The present application relates to a button structure of a projected capacitive touch panel, and more particularly to a button structure of projected capacitive touch panel that provides physical button feedback on a touch screen.

BACKGROUND OF INVENTION

In the prior art, when adding a button to a panel, it is often necessary to produce a mold for the button addition location according to a structure of the button addition location, and to set up a circuit accordingly before adding the new button. Therefore, the cost of adding buttons remains high, and the applications of the panel also limit the types of buttons that can be added.

Furthermore, existing buttons often need to be equipped with multiple layers of sensing film layers in order to successfully sense the input signal generated by the button being pressed. The design of the multiple layers of sensing film layers will cause complex changes in sensing capacitance. Therefore, a judgment of whether the button is pressed is easily to become inaccurate.

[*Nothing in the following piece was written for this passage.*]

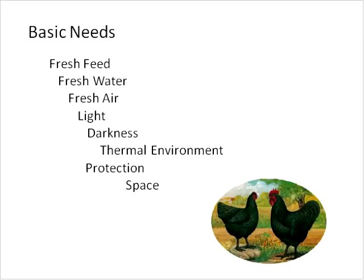Let's move on to the basic needs of birds. What chickens need is basically what we need: fresh feed, fresh water, fresh air, light, darkness, proper thermal environment, and protection and space. These are all things we can provide.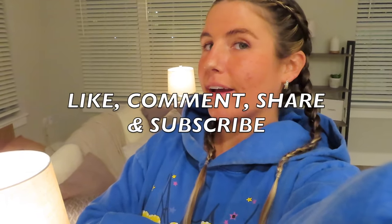That wraps up this morning in my life. I hope you guys enjoyed this video. Make sure you like, comment, share, and subscribe, and I will see you in my next video. Bye!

In view of this, it is necessary to provide a button structure of projected capacitive touch panel to solve the above technical problems.

SUMMARY OF INVENTION

In order to solve the above-mentioned problems of the prior art, the purpose of the present application is to provide a button structure of projected capacitive touch panel, which can make the additional panel buttons not limited by the applications of the panel and can improve the accuracy of the signal detection and signal output of the buttons.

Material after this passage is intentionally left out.